# BRIEF
For this listing, reproduce the line with "Best Boys PG", the line with "Jump Shot Engineering Sample png snap", and the lines between, exactly as they stand. Leave out pictures and all other lines.

# SOURCE DATA
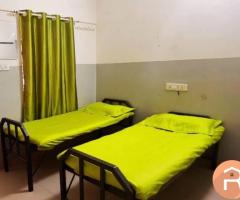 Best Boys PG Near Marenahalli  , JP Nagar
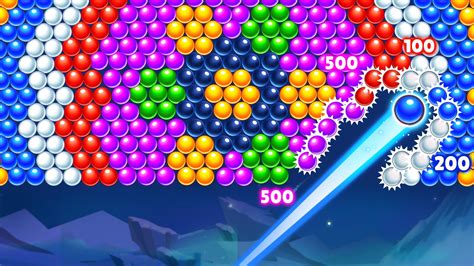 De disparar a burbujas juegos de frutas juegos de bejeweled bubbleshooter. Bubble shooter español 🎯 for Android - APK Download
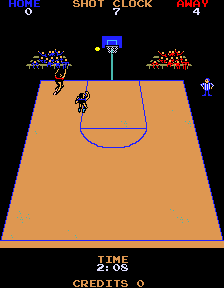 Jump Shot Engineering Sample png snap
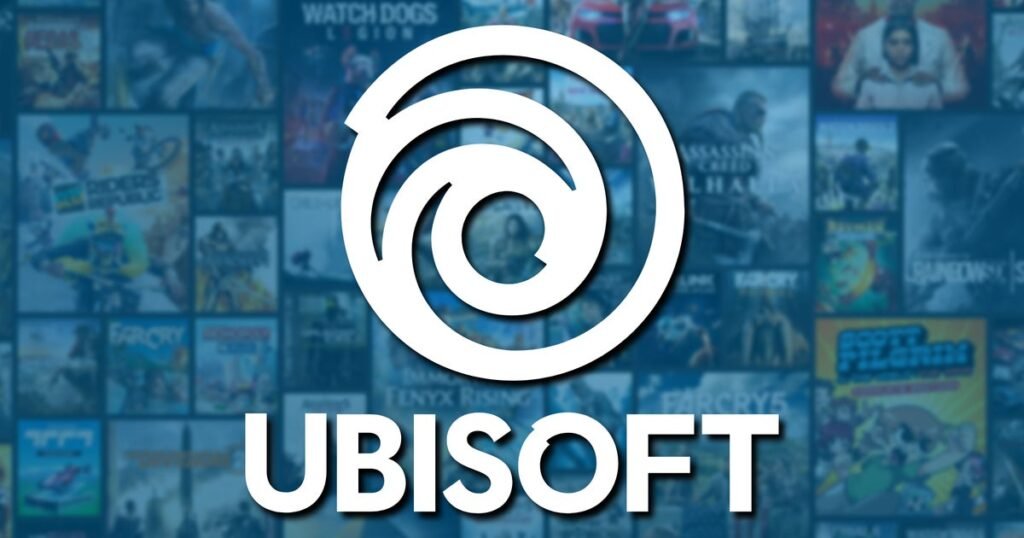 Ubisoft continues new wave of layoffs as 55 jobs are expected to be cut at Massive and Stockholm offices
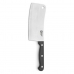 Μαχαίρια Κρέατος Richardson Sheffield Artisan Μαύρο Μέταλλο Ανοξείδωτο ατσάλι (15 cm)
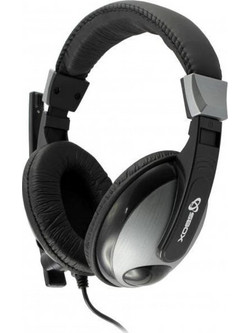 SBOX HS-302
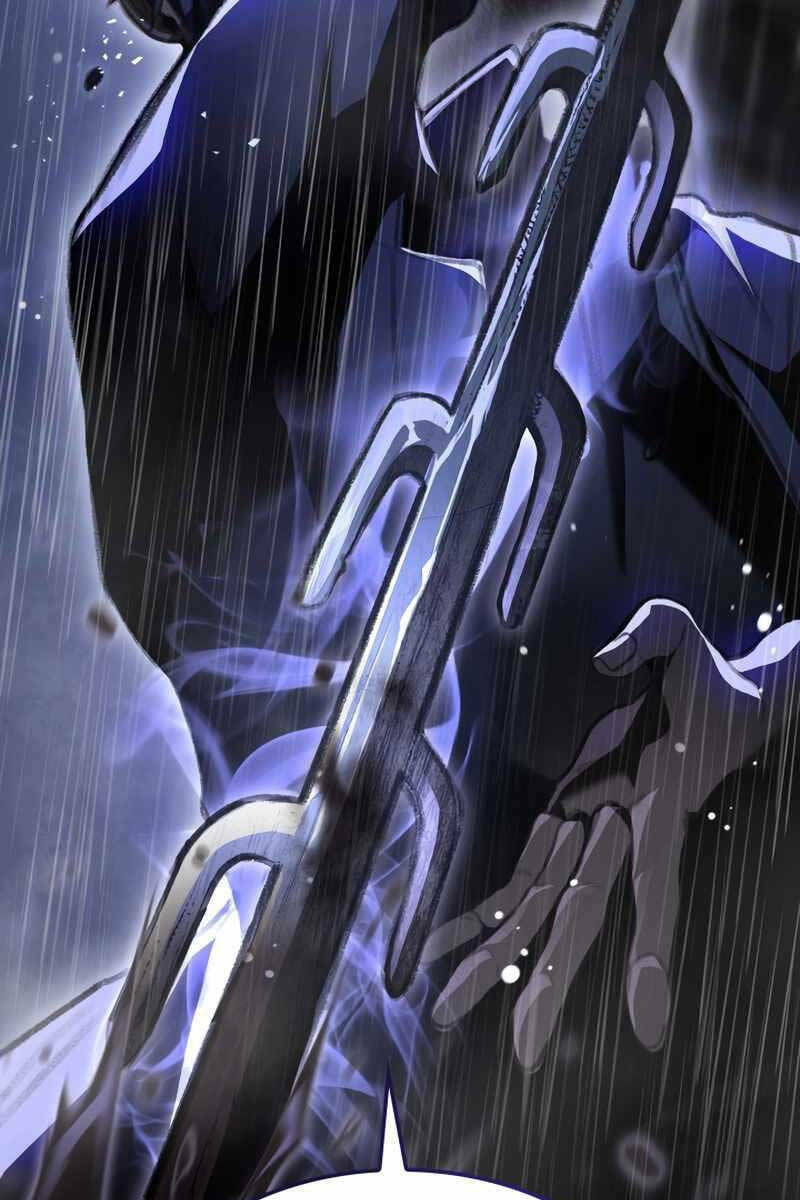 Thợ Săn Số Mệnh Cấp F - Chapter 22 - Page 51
---
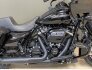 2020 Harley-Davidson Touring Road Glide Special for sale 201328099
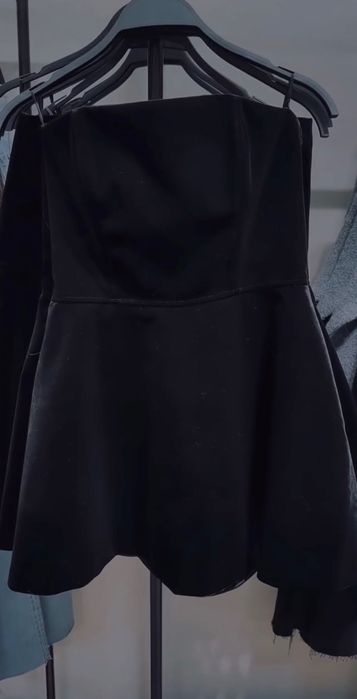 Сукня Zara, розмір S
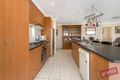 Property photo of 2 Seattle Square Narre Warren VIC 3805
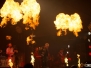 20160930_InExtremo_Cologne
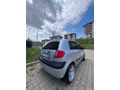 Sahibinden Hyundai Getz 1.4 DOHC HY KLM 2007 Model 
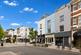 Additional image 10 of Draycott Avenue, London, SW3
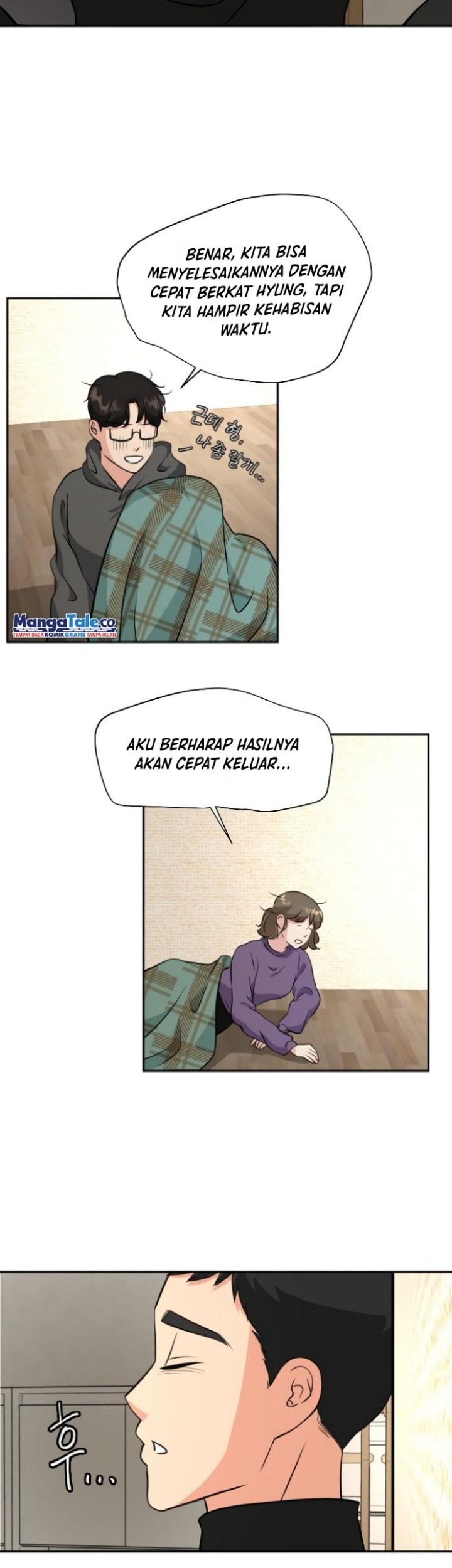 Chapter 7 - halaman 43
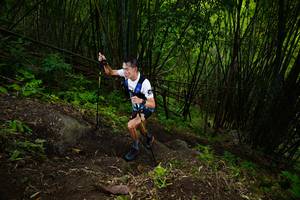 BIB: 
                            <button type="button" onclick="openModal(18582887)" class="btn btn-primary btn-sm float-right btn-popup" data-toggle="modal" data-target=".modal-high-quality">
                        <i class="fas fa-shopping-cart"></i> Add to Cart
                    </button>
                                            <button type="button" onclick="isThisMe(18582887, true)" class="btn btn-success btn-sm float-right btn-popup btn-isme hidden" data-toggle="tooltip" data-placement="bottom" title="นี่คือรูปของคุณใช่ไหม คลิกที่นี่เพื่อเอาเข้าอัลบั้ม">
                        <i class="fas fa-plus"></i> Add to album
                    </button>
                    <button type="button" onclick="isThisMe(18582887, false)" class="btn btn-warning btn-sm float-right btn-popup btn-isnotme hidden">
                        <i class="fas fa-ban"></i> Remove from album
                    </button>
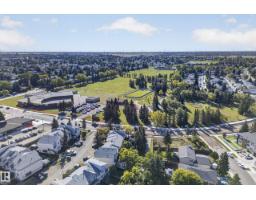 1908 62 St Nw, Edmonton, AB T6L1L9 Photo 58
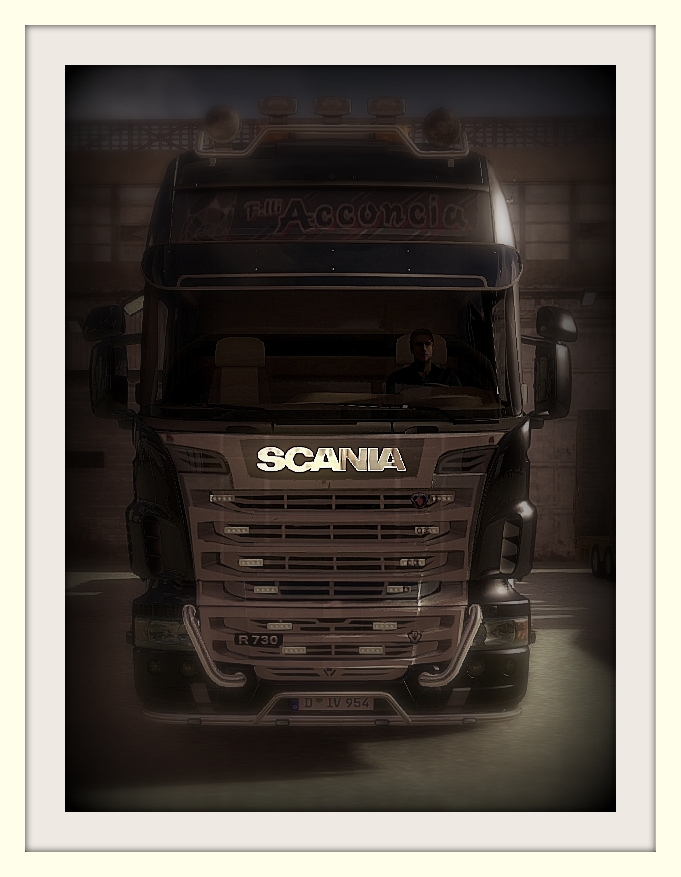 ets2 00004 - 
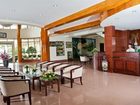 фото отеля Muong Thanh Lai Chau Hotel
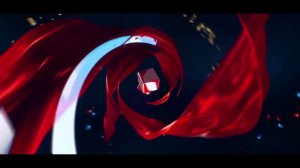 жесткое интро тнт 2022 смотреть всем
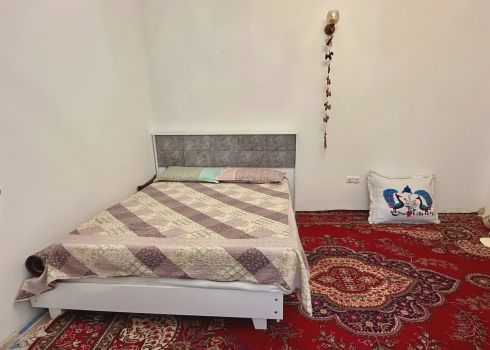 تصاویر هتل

# EXERCISE ANSWER
 Best Boys PG Near Marenahalli  , JP Nagar
 De disparar a burbujas juegos de frutas juegos de bejeweled bubbleshooter. Bubble shooter español 🎯 for Android - APK Download
 Jump Shot Engineering Sample png snap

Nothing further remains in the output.